Pouco difundida no Brasil, a tecnologia drywall consiste na fabricação de chapas por meio de um processo de laminas de cartão, onde uma é virada nas bordas longitudinais e colada sobre a outra. Segundo Mario Castro, o drywall PE largamente usado no Estados Unidos e na Europa como alternativa à alvenaria, principalmente nas vedações internas, como paredes, tetos e revestimentos de edifícios residenciais e comerciais. A principal vantagem é a instalação das chapas, que são fixadas em estruturas de perfis de aço galvanizado.
A facilidade na instalação esbarra no custo, o que faz com que sejam utilizadas principalmente em hotéis, shoppings centers, cinemas, escritórios e empreendimentos residenciais voltados para as classes A, B e C. Segundo Mario Castro, o custo é compensado pela praticidade e pela economia proporcionada em outras etapas da cadeia de construção. “As chapas geram apenas 5% de resíduos, deixam a obra mais limpa, são mais leves e propiciam economia de recursos no transporte e agilizam na parte final do acabamento, o que é interessante para as empresas que buscam agilidade na entrega de apartamentos”, enumera Mario Castro. Ele explica que 1 metro quadrado de parede de alvenaria pesa entre 150 quilos e 200 quilos enquanto que a mesma metragem de drywall pesa apenas 25 quilos.

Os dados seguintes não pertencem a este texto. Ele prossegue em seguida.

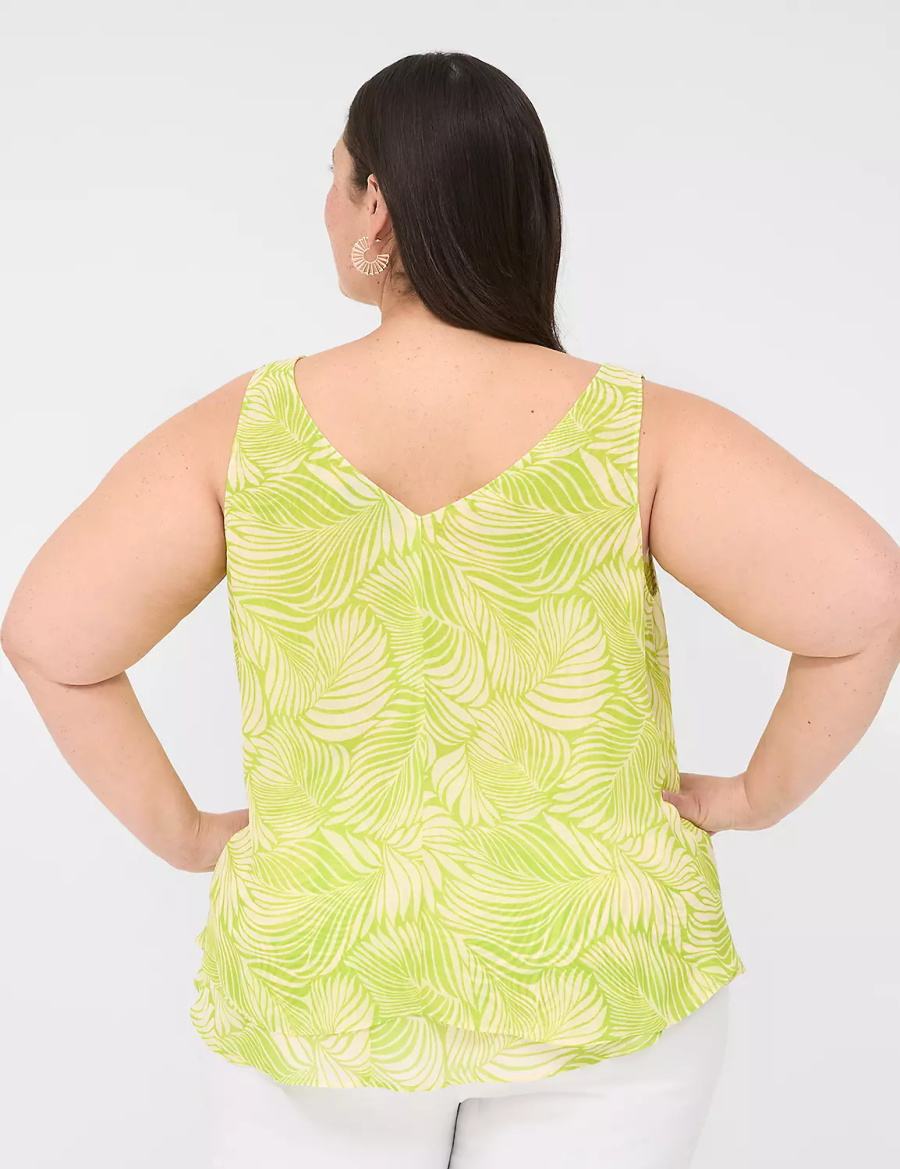 Light Green Lane Bryant Swing Double-Layer Chiffon Women Tank Top | EAM7446WD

Castro reconhece que ainda existem alguns preconceitos contra o drywall, principalmente com relação a supostos problemas de umidade e de resistência. “É um material resistente, que suporta o fogo e é usado inclusive em poços de elevadores”, afirma Castro. Para esclarecer a opinião pública, a associação lançou em São Paulo e no Rio de Janeiro uma cartilha dirigida a corretores de imóveis para que estes possam dirimir com precisão as dúvidas de potenciais clientes. “Você pode perfeitamente pendurar um quadro, desde que use as buchas especiais que são indicadas”, diz o executivo. Com relação ao isolamento acústico, diz, a questão é resolvida com colocação de lã de vidro entre as chapas.
Segundo dados da associação, o estado de São Paulo respondeu em 2007 por 48% do consumo, vindo em seguida dos demais estados da região Sudeste, com 20%, a região Sul com 15%, o Centro-Oeste com 10%, e o Nordeste com apenas 7%. O maior crescimento do período, entretanto, aconteceu na região Centro-Oeste, com 50%, em razão de novos empreendimentos comerciais. A entidade não divulga cifras ou valores a respeito da produção.
A tecnologia de drywall é relativamente recente no Brasil. O consumo brasileiro é de apenas 0,18 centímetros/ habitante, sendo que nos Estados Unidos o índice é de 11m². A ausência de empresas nacionais é explicada pelo alto custo de uma das matérias primas: o papel especial de forração, que é importado de quatro países.